Instructions for the task
Drop every picture, then transcribe the remaining data exactly.

Data extract
Start of Block

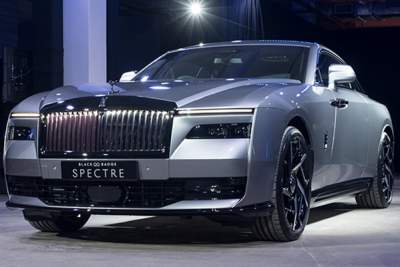 The Rolls-Royce Black Badge Spectre arrives in Singapore
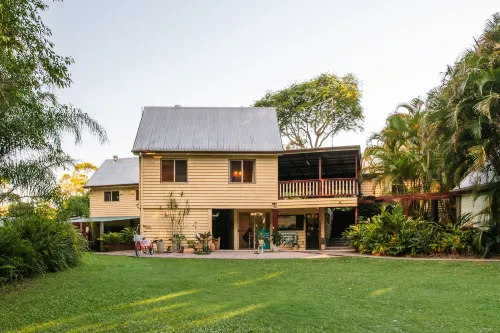 Glass House Mountains Ecolodge - Homestays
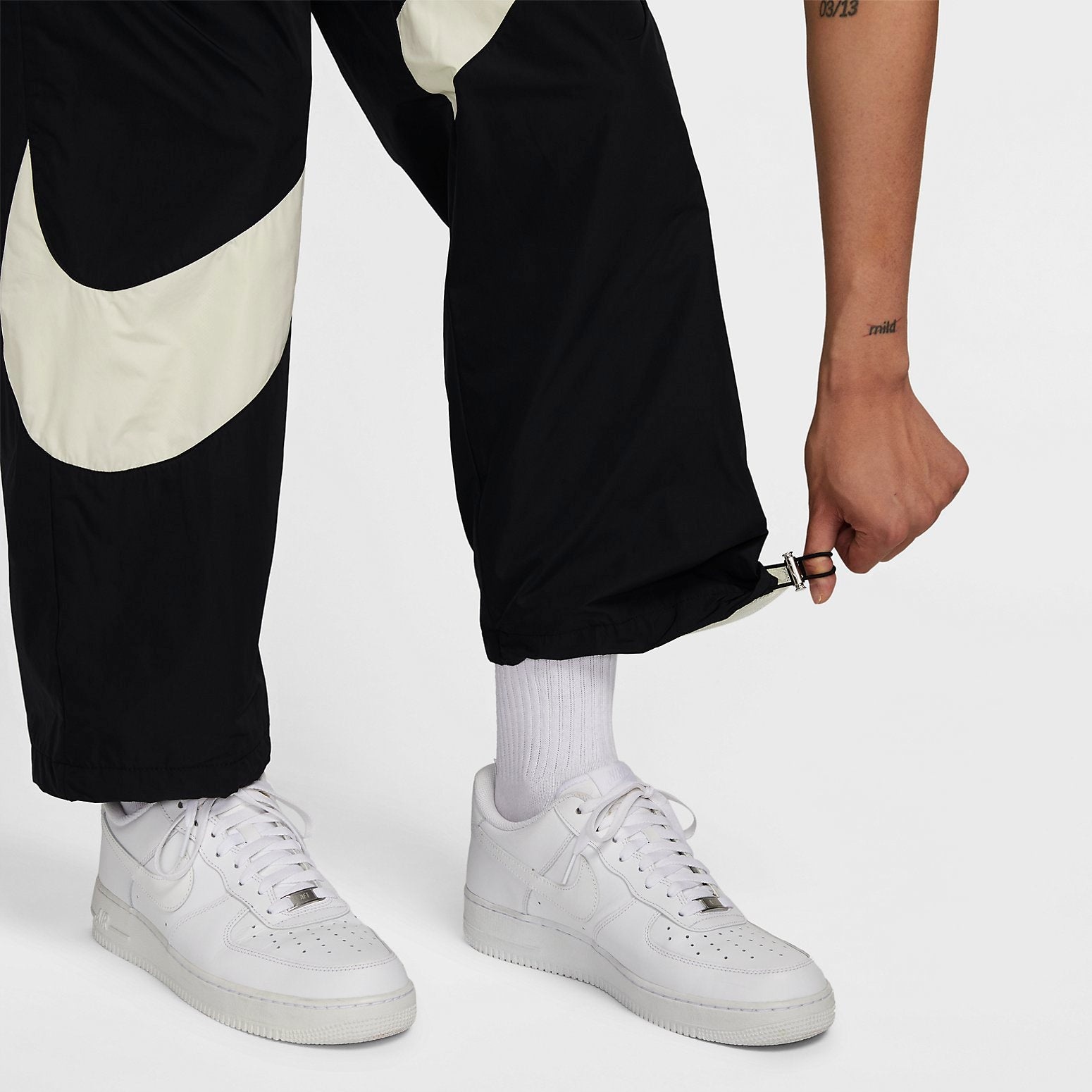 Nike Swoosh Woven Pants 'Black' FB7881-010 - 2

End of Block

Exercise answer
 The Rolls-Royce Black Badge Spectre arrives in Singapore
 Glass House Mountains Ecolodge - Homestays
 Nike Swoosh Woven Pants 'Black' FB7881-010 - 2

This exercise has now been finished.